Will scientists soon learn the nature of dark matter? How did one of Saturn's moons come to be? And is a future of cybernetic limbs ahead for us or not? It's Earthy Thursday, our segment about news relating to science and the Earth. All this and more for the Pagan News Beagle!

Scientists have been searching for almost a generation to find the answer to one of cosmology's greatest conundrums: what is the massive but invisible stuff holding galaxies together? We're probably not going to find out an answer just yet but some promising results are emerging from one experimental attempt to detect dark matter.

Modern conservation efforts are, according to many activists, too little too late. The U.S. government has acquired criticism for its slow-paced and half-hearted efforts to protect many species.
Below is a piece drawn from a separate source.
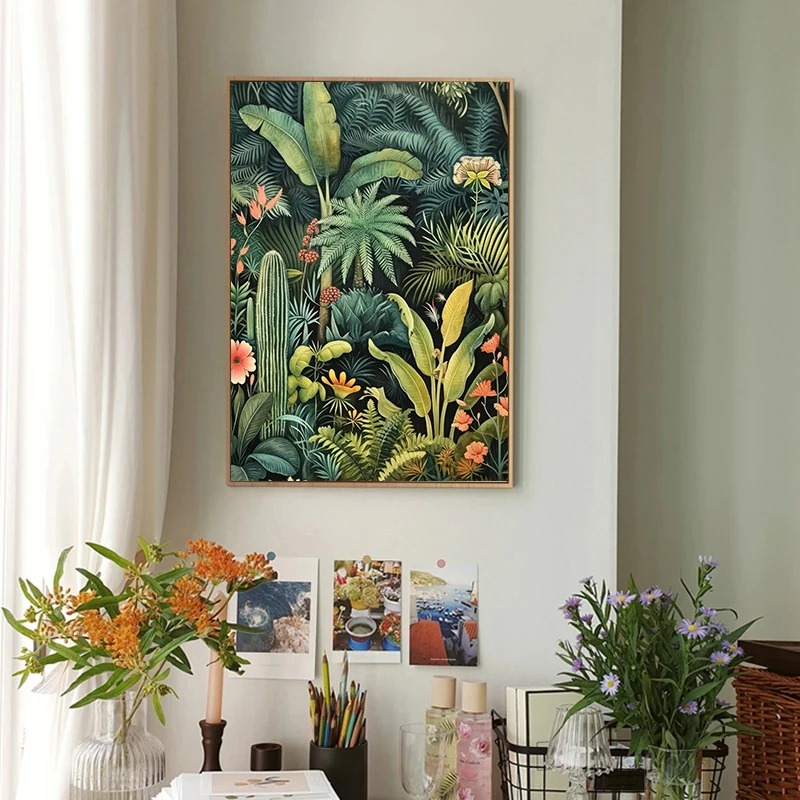 열대 정글 야생 표범 식물 동물 컬러 아트 포스터 캔버 - Home Decor Ikea 리뷰 및 가격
But it's important to remember that without even these sometimes ineffectual efforts nature would be a lot worse off.

Cassini's acclaimed mission to Saturn is ending tomorrow and we're fortunate to have learned as much from it as we have. Most of the attention has been on Titan, Saturn's famously clouded moon but some of the other objects in the Saturnian system have drawn interest after peculiar observations. One of these is Enceladus, whose origin may be stranger than scientists initially expected.

But NASA's not only exploring the outer solar system. They also want to take a look at what's going on further sunward. In fact, they want to send a probe all the way to the Sun. Here's more details, courtesy of National Geographic.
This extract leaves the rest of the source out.